Look below for the line containing "selective focus photography"; from there, print each line exactly up to and including the line containing "a living room", and stop.
*** Source information ***
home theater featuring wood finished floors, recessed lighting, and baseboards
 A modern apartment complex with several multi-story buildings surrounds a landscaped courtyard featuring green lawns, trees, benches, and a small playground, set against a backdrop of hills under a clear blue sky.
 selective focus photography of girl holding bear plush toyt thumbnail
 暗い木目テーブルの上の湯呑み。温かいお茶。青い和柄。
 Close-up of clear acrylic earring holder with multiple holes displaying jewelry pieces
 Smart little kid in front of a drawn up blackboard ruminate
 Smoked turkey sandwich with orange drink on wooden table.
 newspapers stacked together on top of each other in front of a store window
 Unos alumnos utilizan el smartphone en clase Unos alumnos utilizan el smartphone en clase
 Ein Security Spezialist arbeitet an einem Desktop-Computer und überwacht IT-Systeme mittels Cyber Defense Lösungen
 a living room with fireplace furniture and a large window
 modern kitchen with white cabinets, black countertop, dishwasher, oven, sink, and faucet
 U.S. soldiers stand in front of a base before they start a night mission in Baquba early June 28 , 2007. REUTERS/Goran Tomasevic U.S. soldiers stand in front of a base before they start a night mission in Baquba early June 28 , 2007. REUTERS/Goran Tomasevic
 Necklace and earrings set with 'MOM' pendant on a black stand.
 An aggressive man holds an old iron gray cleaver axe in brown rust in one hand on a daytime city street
*** End of Source information ***
- Solved problem
 selective focus photography of girl holding bear plush toyt thumbnail
 暗い木目テーブルの上の湯呑み。温かいお茶。青い和柄。
 Close-up of clear acrylic earring holder with multiple holes displaying jewelry pieces
 Smart little kid in front of a drawn up blackboard ruminate
 Smoked turkey sandwich with orange drink on wooden table.
 newspapers stacked together on top of each other in front of a store window
 Unos alumnos utilizan el smartphone en clase Unos alumnos utilizan el smartphone en clase
 Ein Security Spezialist arbeitet an einem Desktop-Computer und überwacht IT-Systeme mittels Cyber Defense Lösungen
 a living room with fireplace furniture and a large window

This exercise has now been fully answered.